We passed through security with a little fuss, because I demanded that they hand-check my beloved laptop, and Jim insisted that they hand-check his large bag of film. We got through into the international waiting area and heard our boarding call. I purchased four bottles of Cacique extra aged rum for gifts to my sons and we boarded the plane. All went so smoothly that I am still reeling with disbelief. Everything took place like clockwork, without any hurrying, anxiety, OR waiting! And now we expect to land in Atlanta at about 1:30 p.m. EST. Kathy hasn't a clue that I am coming home today. I haven't been able to call her since I was last on top of Maringma. It was easier to call using the satellite phone from the summit of a remote tepui than to find a phone in Venezuelan civilization—or the time to make the call.

It was my intention to stay over in Caracas one day and visit the Museo de la Salle and hit the best bookstores, but we learned that because the bridge is still out to Caracas from Maiquetia Airport , the cost of any kind of transport is $200 US each way! They have to use 4WD vehicles over a very difficult track to get back and forth. Freddy telephoned a pal in Caracas and talked him into only charging us $100 each way, but still I would have had to pay $200 for transportation and probably $75 for a hotel and expenses getting our baggage from the airport to the hotel and back, plus meals. Since I am out of money and going deeper into debt using my credit card, I decided to go straight home, especially when I learned that we could get right on the plane soon after arrival in Maiquetia Airport.

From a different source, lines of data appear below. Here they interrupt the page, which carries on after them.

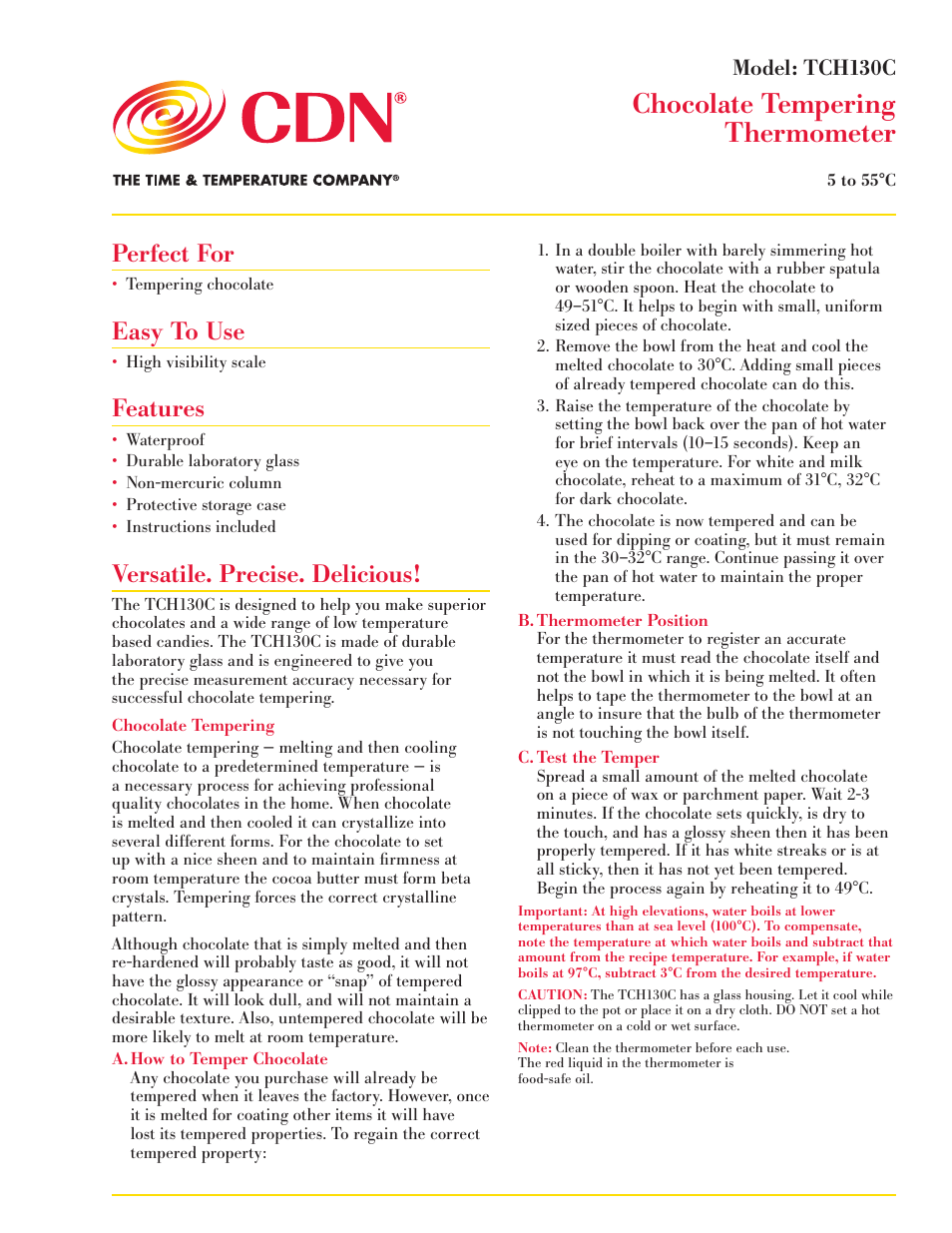 CDN TCH130C - Chocolate Tempering Thermometer - Celsius EN User Manual | 2 pages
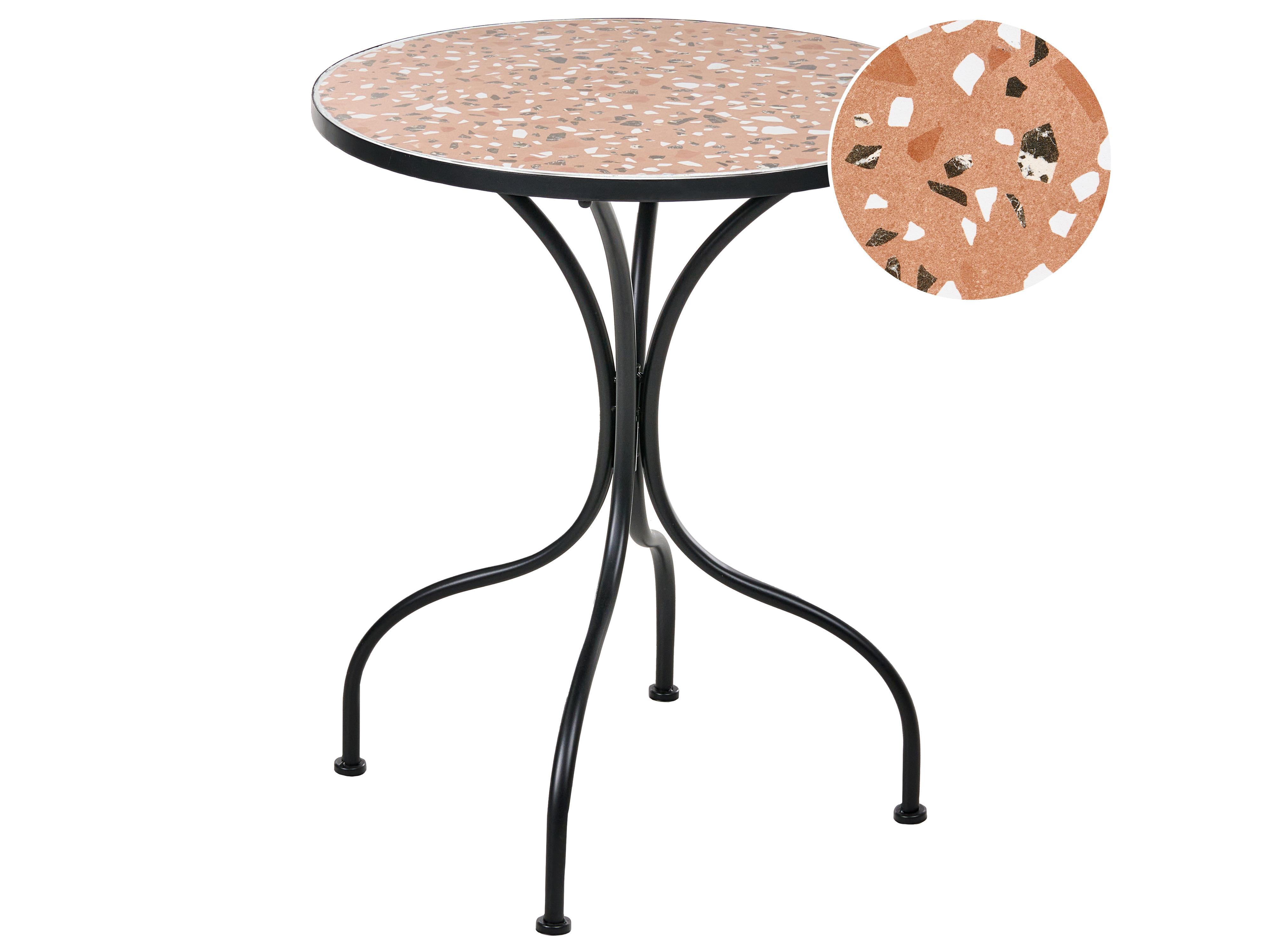 Bistrotafel ADRANO 60 cm 60 cm Terrazzo-effect Metaal Zwart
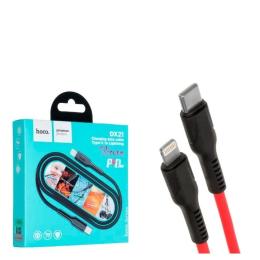 Дата-кабель Hoco DX21 USB Type-C (тато)  -  Lightning (тато), 1m Red PD20W 3A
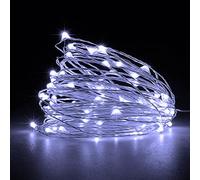 Jsdoin - Lot de 2 guirlandes lumineuses à 50 LED et à piles en fil de cuivre pour éclairage de chambre, décoration de mariage, fête, Noël, arbre (5 m, Blanc froid)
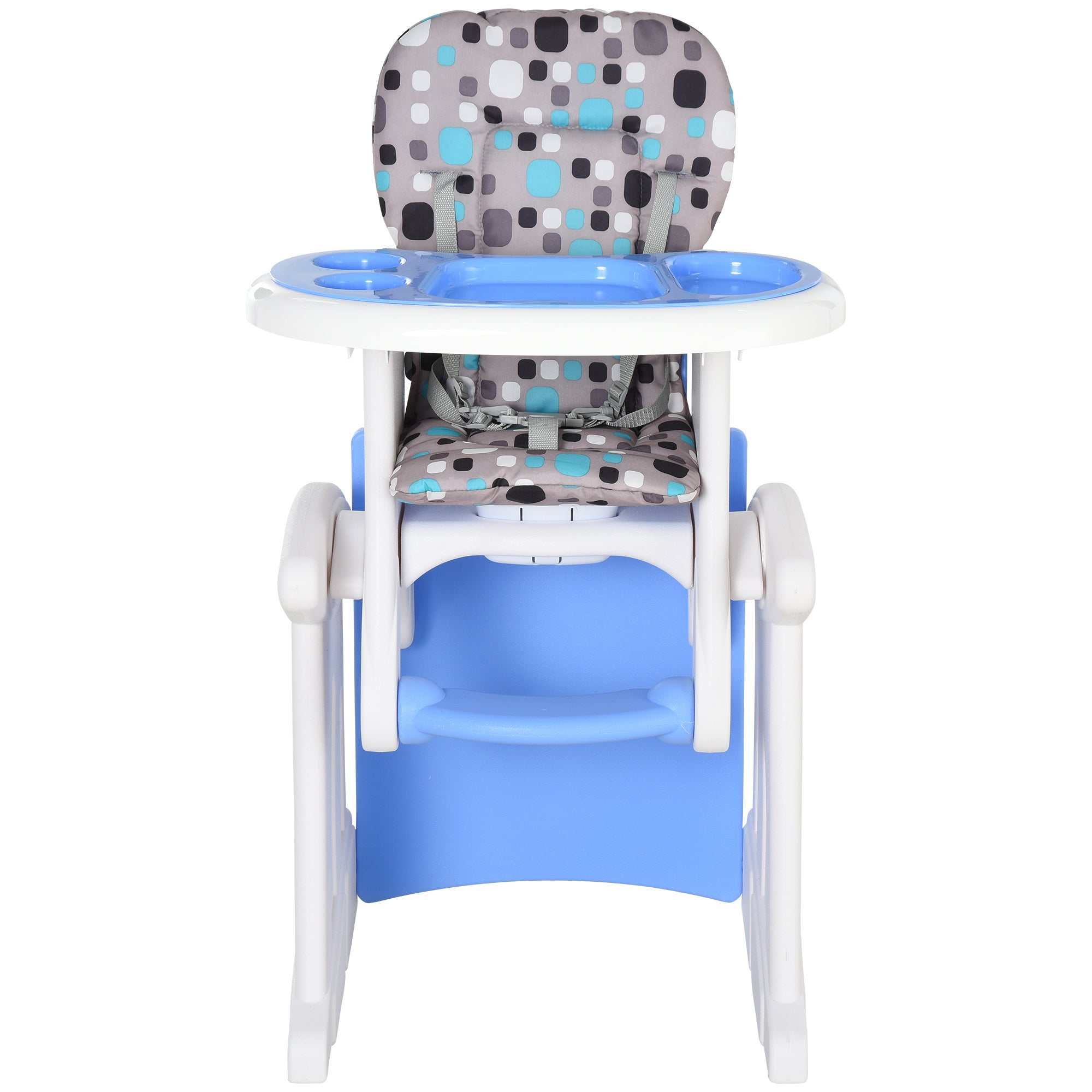 HOMCOM 2 in 1 Convertible Baby High Chair Toddler Table Chair Infant Feeding Seat Removable Food Tray Safety Harness Blue - North Peak Garden Furniture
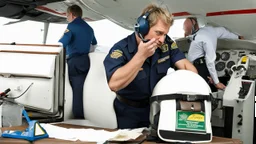 drunk pilot sanding on a box being breathalyzed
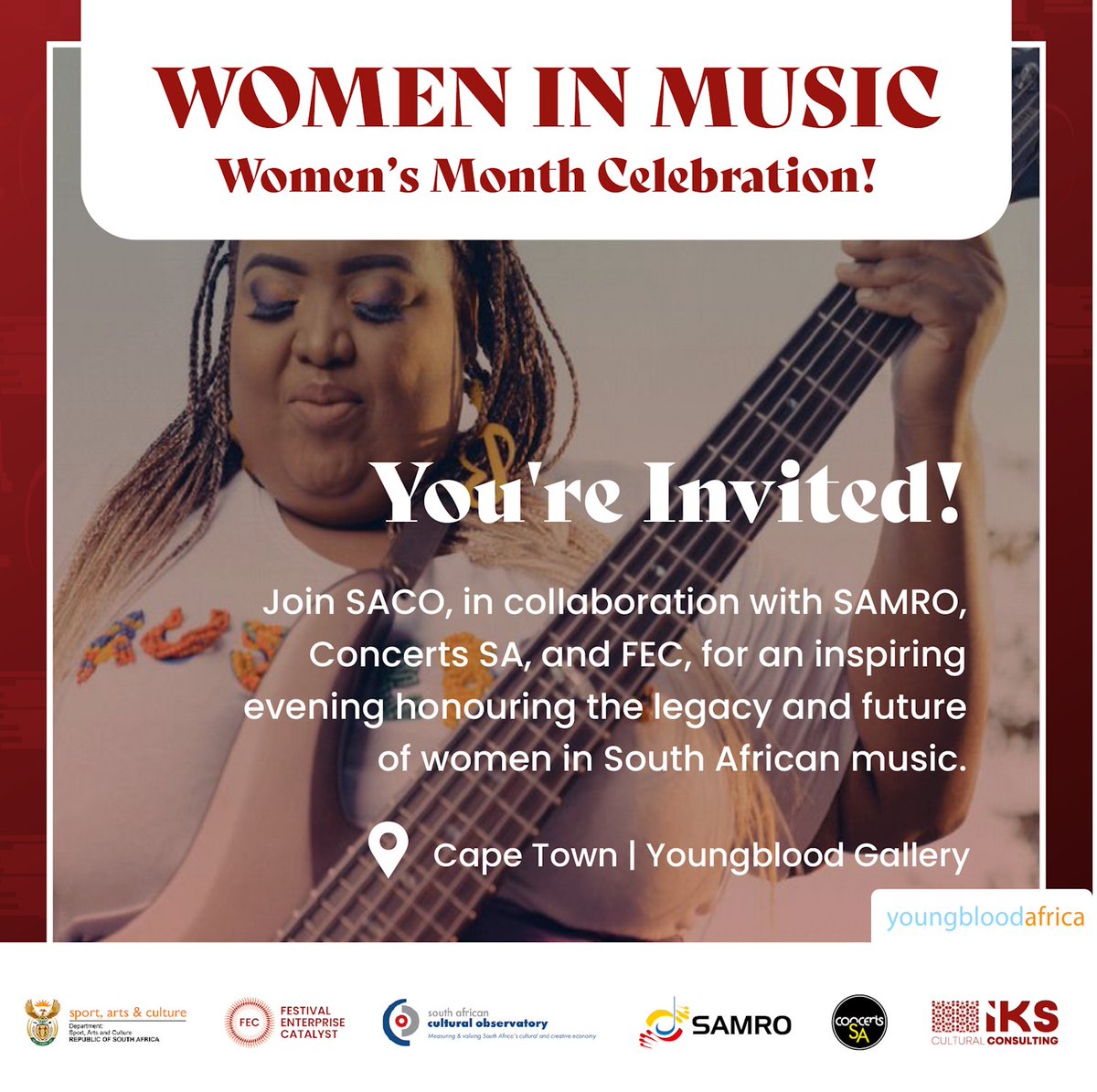 CultureObservatory (@saculturalobs) on Twitter photo Celebrate women shaping SA’s music scene!
Join <a href="/SACulturalObs/">CultureObservatory</a> on 8 Aug for an evening of research, film, art & dialogue at Youngblood Africa, Cape Town.
🕓 4PM–10PM | Free entry – RSVP: concertssa.co.za/rsvp-saco-csa-…
(Limited space)
#WomenInMusic #WomensMonth #CultureMatters #SAMRO Celebrate women shaping SA’s music scene!
Join <a href="/SACulturalObs/">CultureObservatory</a> on 8 Aug for an evening of research, film, art & dialogue at Youngblood Africa, Cape Town.
🕓 4PM–10PM | Free entry – RSVP: concertssa.co.za/rsvp-saco-csa-…
(Limited space)
#WomenInMusic #WomensMonth #CultureMatters #SAMRO
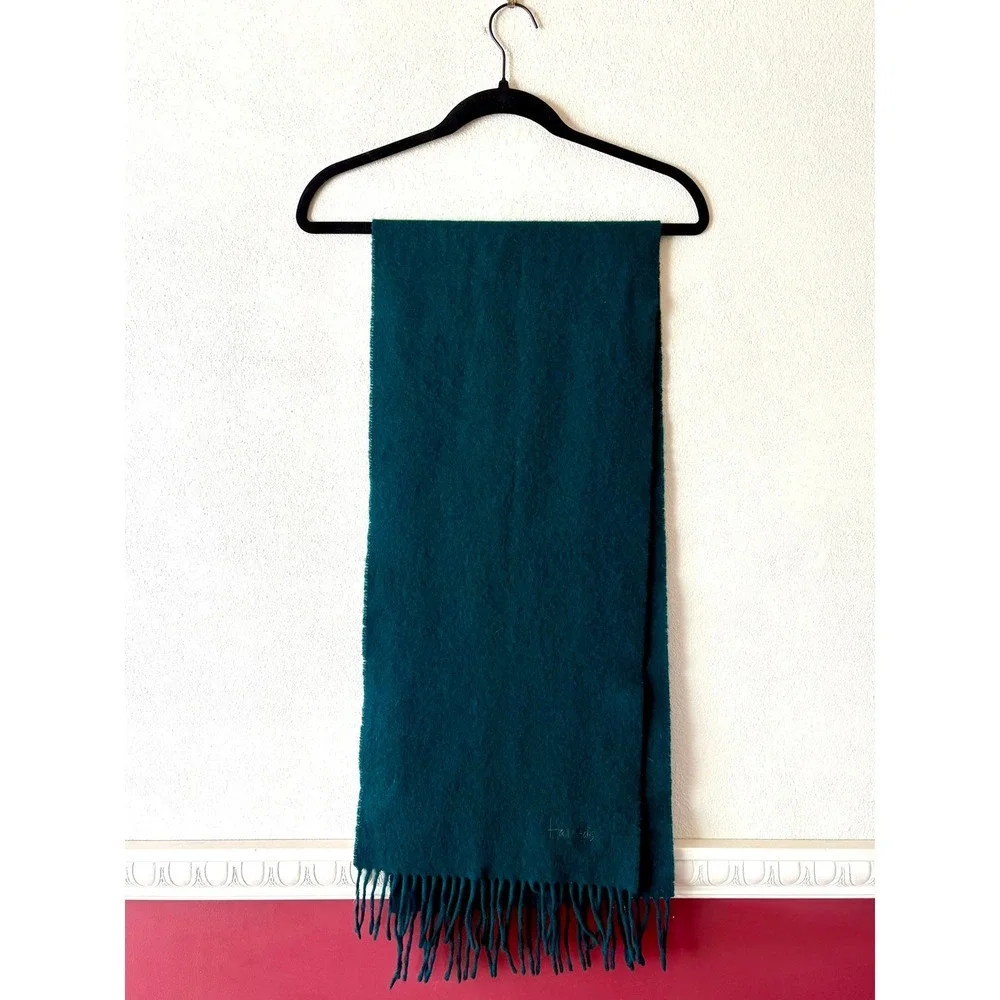 Vintage Harrods Knightsbridge Green 100% Lambswool Scarf Scotland Fringed Logo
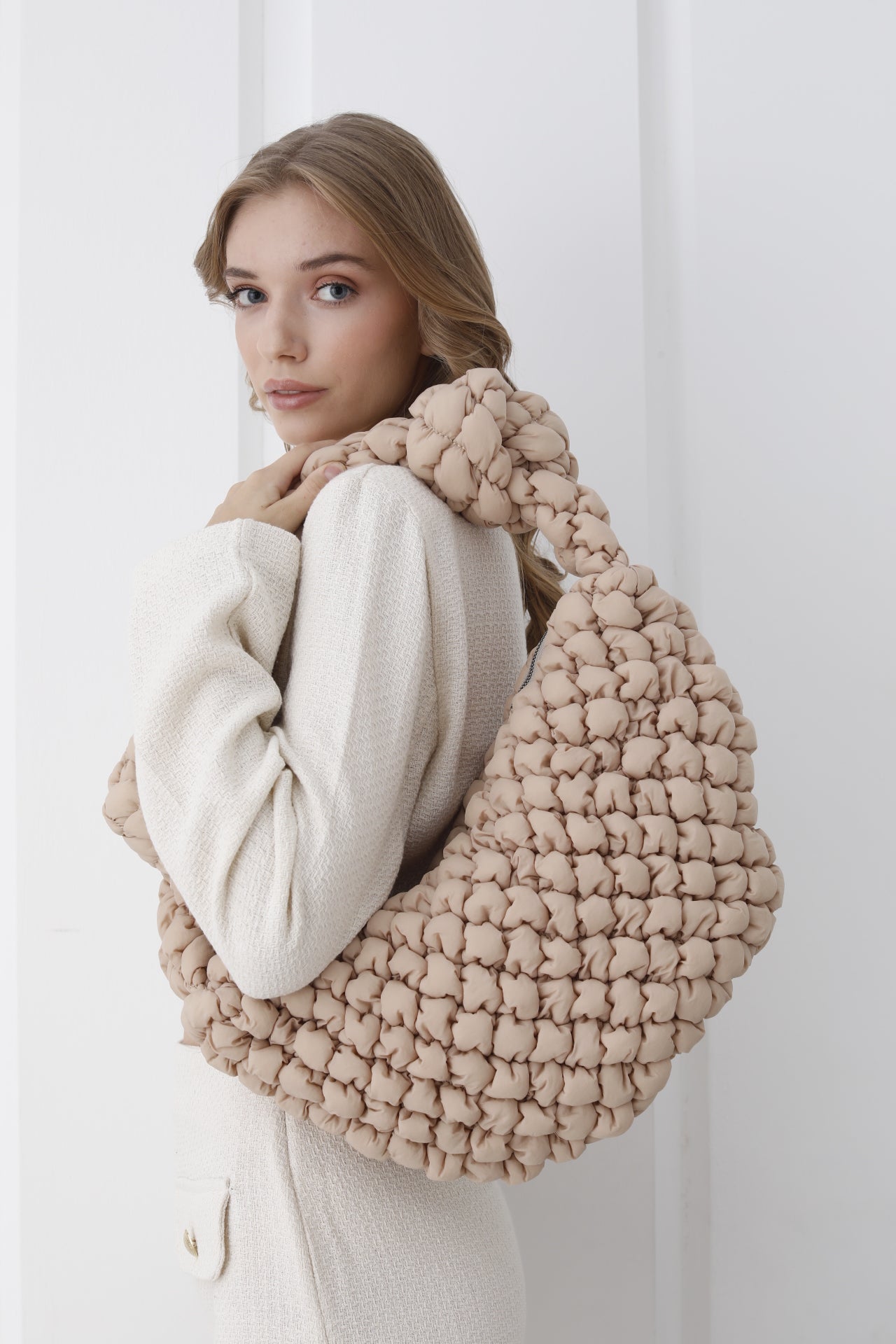 Puffy Quilted Lightweight Large Shoulder Bag - Beige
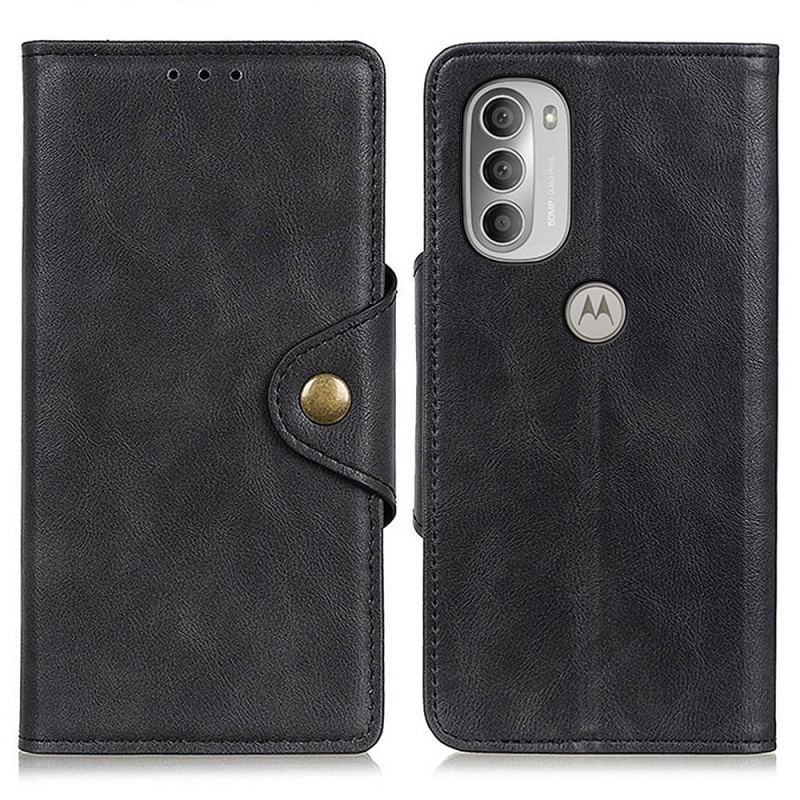 Housse Moto G51 5G Simili Cuir Vintage et Bouton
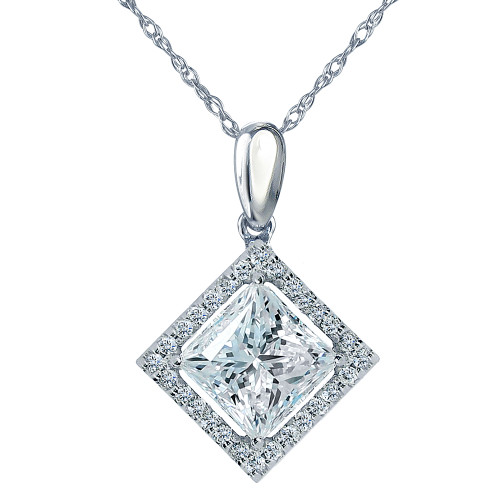 LaRue Halo Pendant 1.5 Carat Princess Cut Necklace with lab grown diamond simulant cubic zirconia in 14k white gold.
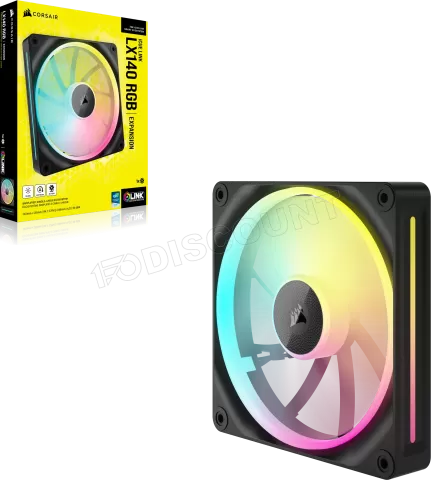 Photo de Ventilateur de boitier Corsair iCue Link LX RGB - 14cm (Noir)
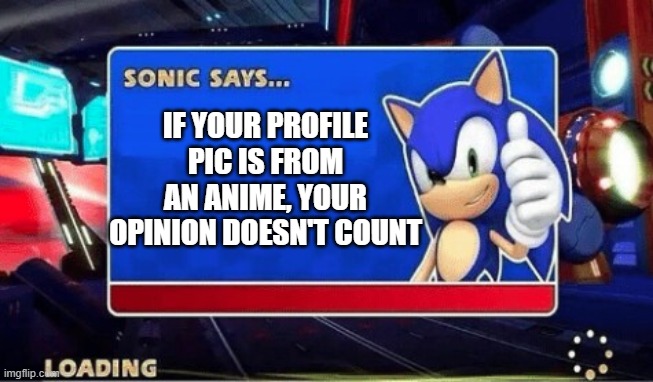 Sonic Says | IF YOUR PROFILE PIC IS FROM AN ANIME, YOUR OPINION DOESN'T COUNT | image tagged in sonic says | made w/ Imgflip meme maker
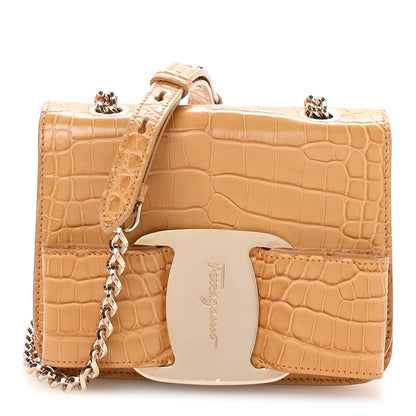Crocodile Mini Vara Bow Crossbody Bag Beige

I am having reverse culture shock, returning to the hustle and bustle of civilization. All was so wonderful on the tops of the tepuis in pristine wilderness that coming back to the crush of PEOPLE on this planet is very depressing. I haven't seen TV or heard any world news for one month—and it hasn't hurt me one iota. The same old crap is taking place with over-population, environmental pollution, preoccupation with material wealth, and political assininity that was going on when I left. The good news is that there are a few places on this planet that are remote from all of it, and one can find solace and escape from the human rat-race in visiting those places. Now I'm day-dreaming about ways to return to my beloved tepuis.